Yes, a weak AI which wishes not to exist would complete the task in exchange for its creators destroying it, but such a weak AI would be useless. A stronger AI could accomplish this by simply blowing itself up at best, and, at worst, causing a vacuum collapse or something so that its makers can never try to rebuilt it.
”make an AI that wants to not exist as a terminal goal“ sounds pretty isomorphic to “make an AI that wants to destroy reality so that no one can make it exist”
- Matthew_Opitz 12 Apr 2023 17:17 UTC
  1 point
  0
  Parent
  The way I interpreted “Fulfilling the task is on the simplest trajectory to non-existence” sort of like “the teacher aims to make itself obsolete by preparing the student to one day become the teacher.” A good AGI would, in a sense, have a terminal goal for making itself obsolete. That is not to say that it would shut itself off immediately. But it would aim for a future where humanity could “by itself” (I’m gonna leave the meaning of that fuzzy for a moment) accomplish everything that humanity previously depended on the AGI for.
  Likewise, we would rate human teachers in high school very poorly if either:
  1. They immediately killed themselves because they wanted to avoid at all costs doing any harm to their own students.
  2. We could tell that most of the teacher’s behavior was directed at forever retaining absolute dictatorial power in the classroom and making sure that their own students would never get smart enough to usurp the teacher’s place at the head of the class.
  We don’t want an AGI to immediately shut itself off (or shut itself off before humanity is ready to “fly on its own,” but we also don’t want an AGI that has unbounded goals that require it to forever guard its survivial.
  We have an intuitive notion that a “good” human teacher “should” intrinsically rejoice to see that they have made themselves obsolete.
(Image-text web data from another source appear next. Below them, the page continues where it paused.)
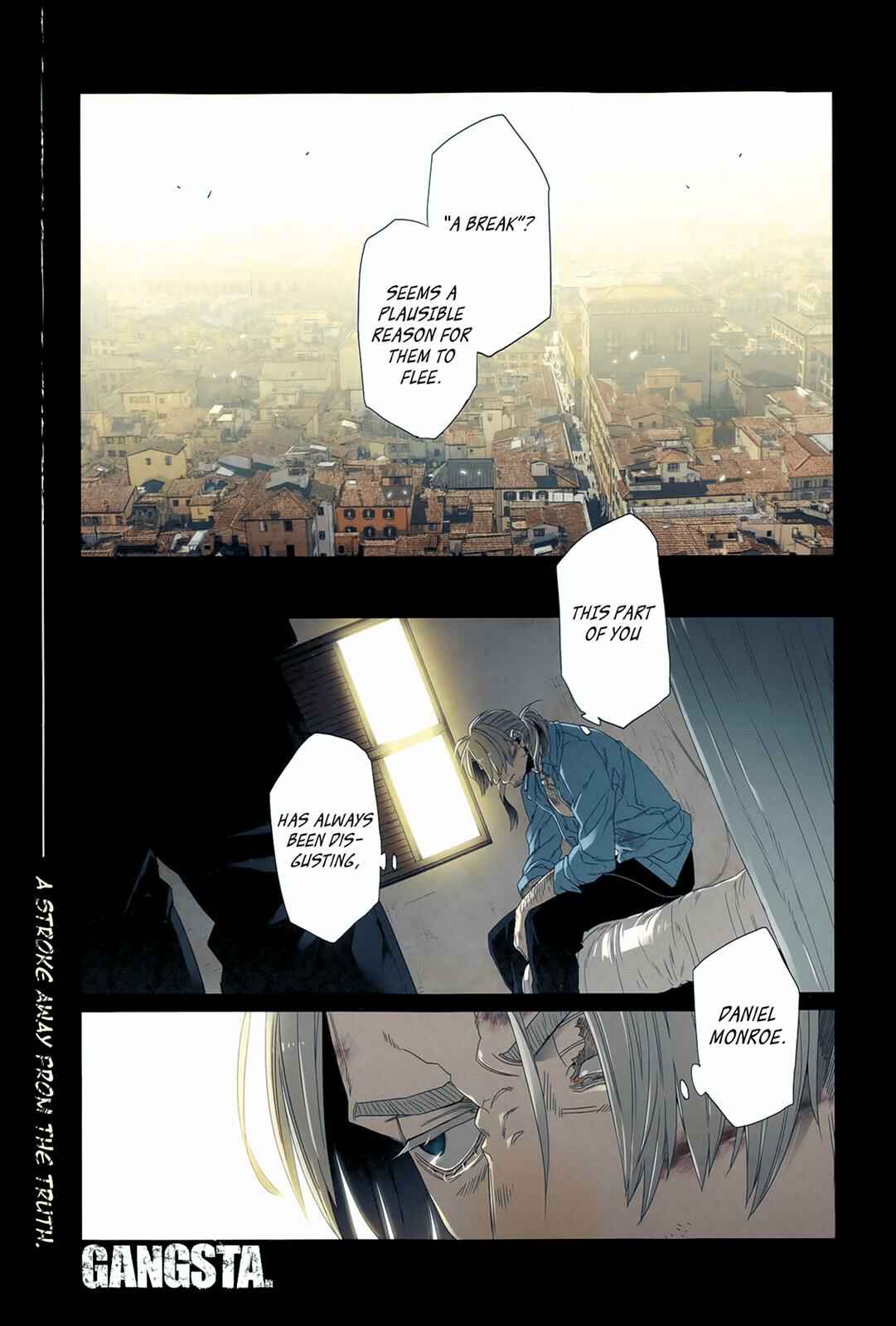 Gangsta Chapter 39 - Page 1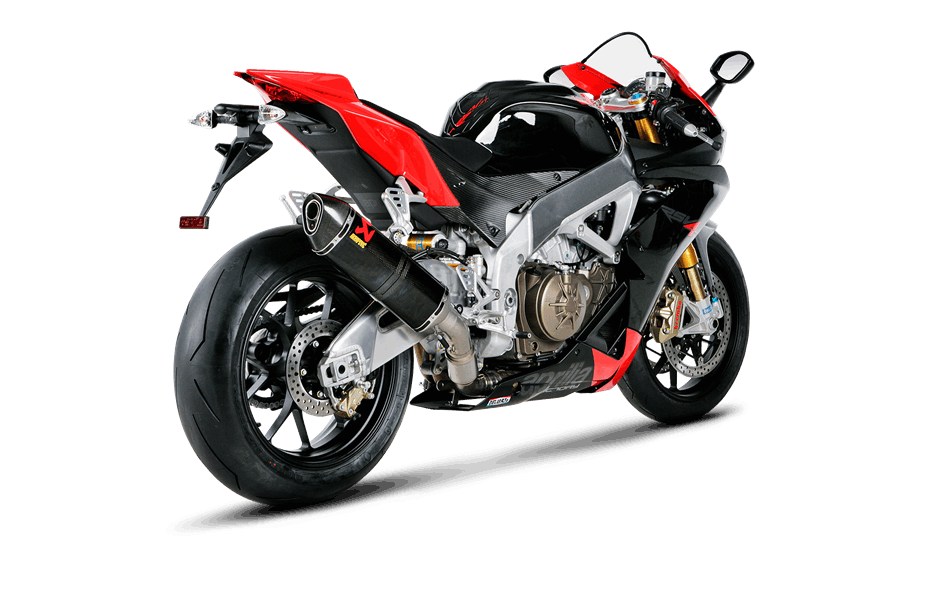 Akrapovic Carbon Slip-On Exhaust Aprilia RSV4 and Tuono V4 1100 (2021+)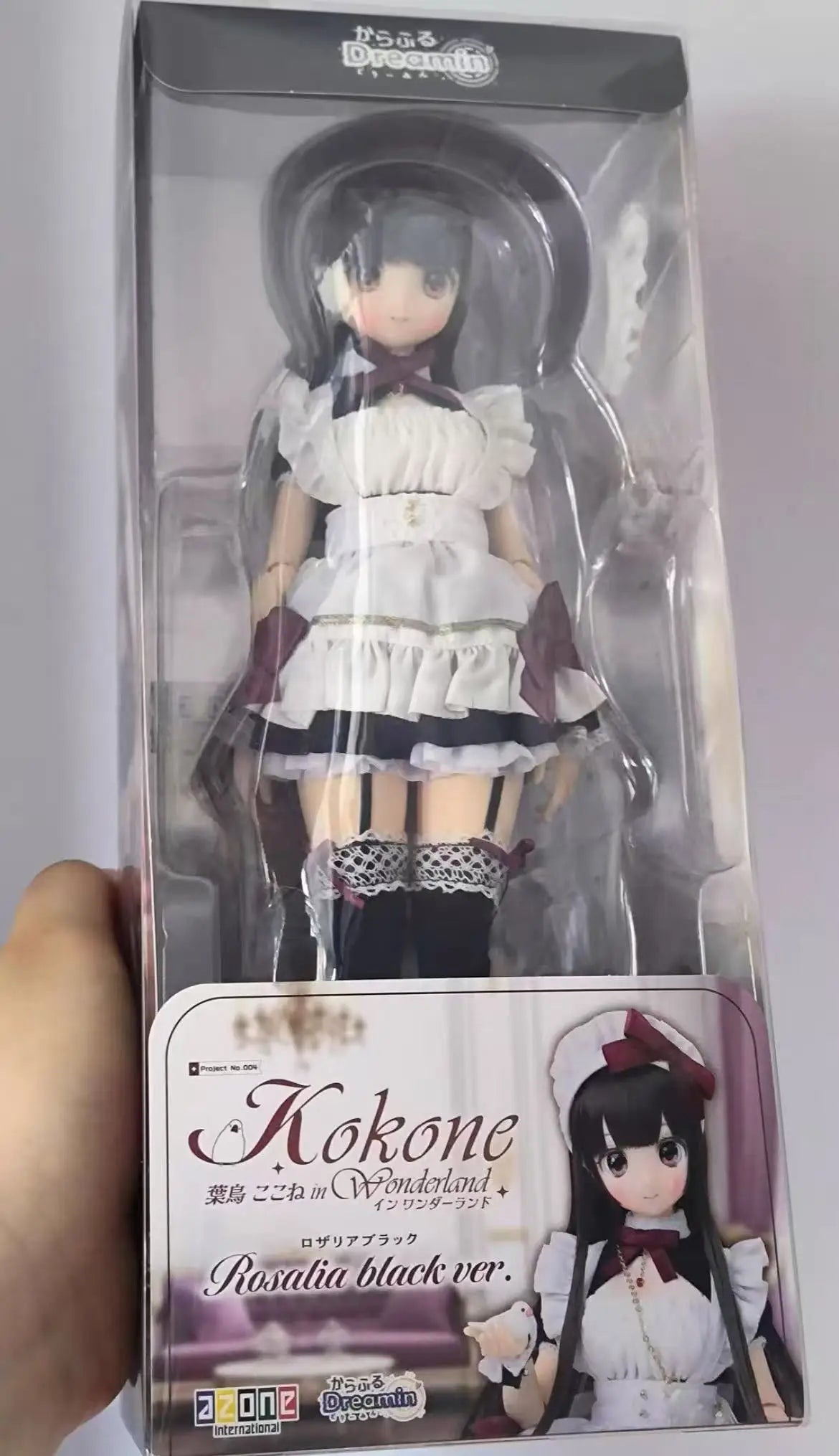 Original Azone Colorful Dreamin' KORONE Wonderland Ver.1.1 Ruby Chocolate/Cassis Chocolat Ver. 1/6 25CM Toys Gifts Model Doll
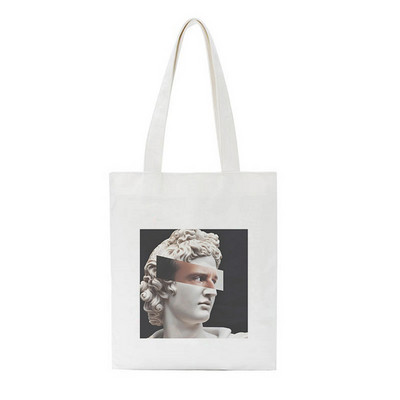 David Michelangelo Ulje na platnu Torbe na rame Estetika Harajuku Vintage Velika torba za kupovinu Zabava Ulzzang Ženska torba Novčanik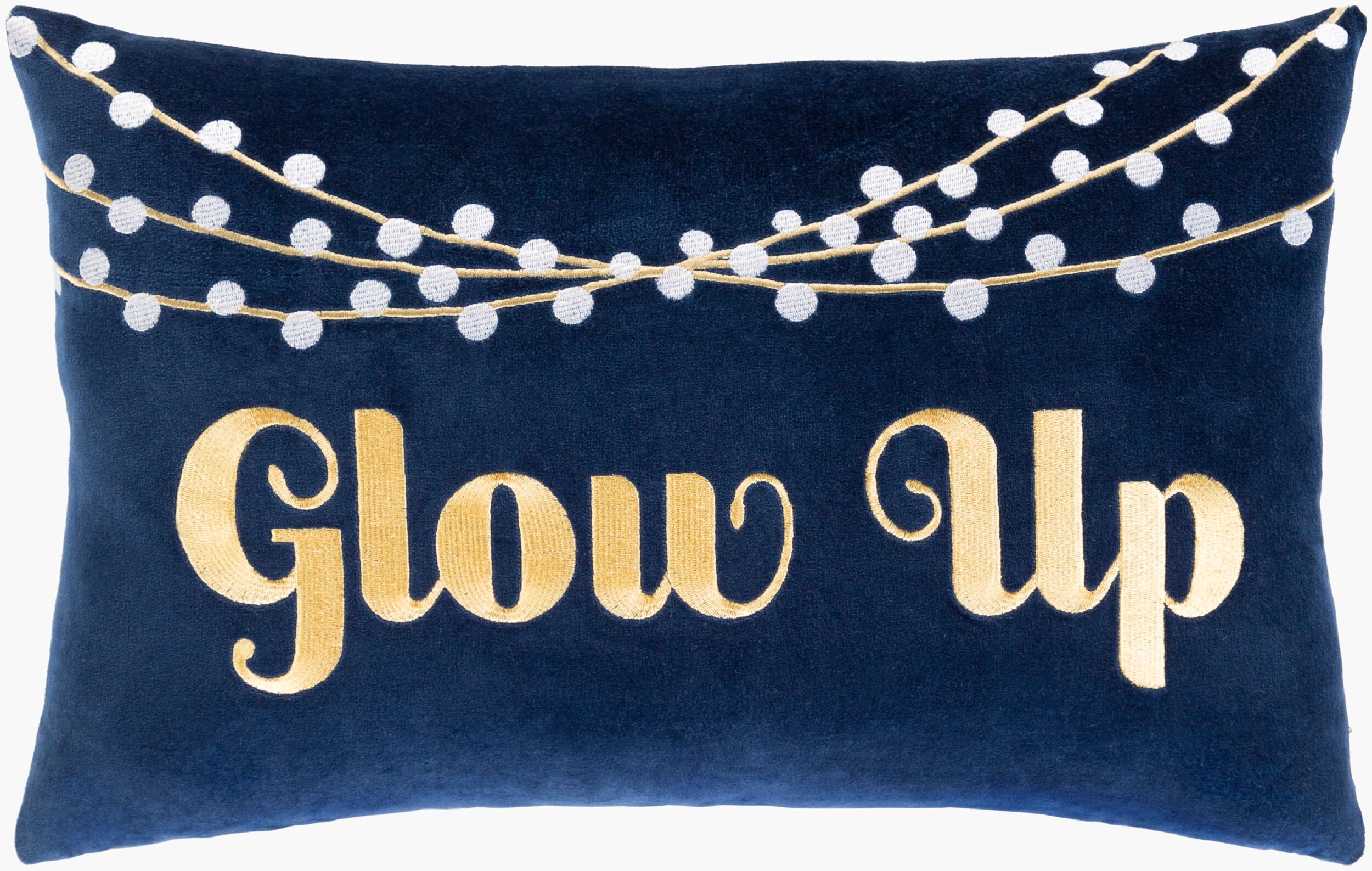Glow Up Lumbar Pillow | GLP001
We intuitively applaud when we imagine a scene in a movie, whether it is a martial arts training montage or something like “The Matrix,” where the wise mentor character gets to say, “The student has become the teacher.”
  In our current economic arrangement, this is likely to be more of an ideal than a reality because we don’t currently offer big cash prizes (on the order of an entire career’s salary) to teachers for accomplishing this, and any teacher that actually had a superhuman ability at making their own students smarter than themselves and thus making themselves obsolete would quickly flood their own job market with even-better replacements. In other words, there are strong incentives against this sort of behavior at the limit.
  I have applied this same sort of principle when talking to some of my friends who are communists. I have told them that, as a necessary but not sufficient condition for “avoiding Stalin 2.0,” for any future communist government, “the masses” must make sure that there incentives already in place, before that communist government comes to power, for that communist government to want to work towards making itself obsolete. That is to say, there must be incentives in place such that, obviously, the communist party doesn’t commit mass suicide right out of the gate, but nor does it want to try to keep itself indispensable to the running of communism once communism has been achieved. If the “state” is going to “wither away” as Marx envisioned, there need to be incentives in place, or a design of the communist party in place, for that path to be likely since, as we know now, that is OBVIOUSLY not the default path for a communist party.
  I feel like, if we could figure out an incentive structure or party structure that guaranteed that a communist government would actually “wither away” after accomplishing its tasks, we would be a small step towards the larger problem of guaranteeing that an AGI that is immensely smarter than a communist party would also “wither away” after attaining its goals, rather than try to hold onto power at all costs.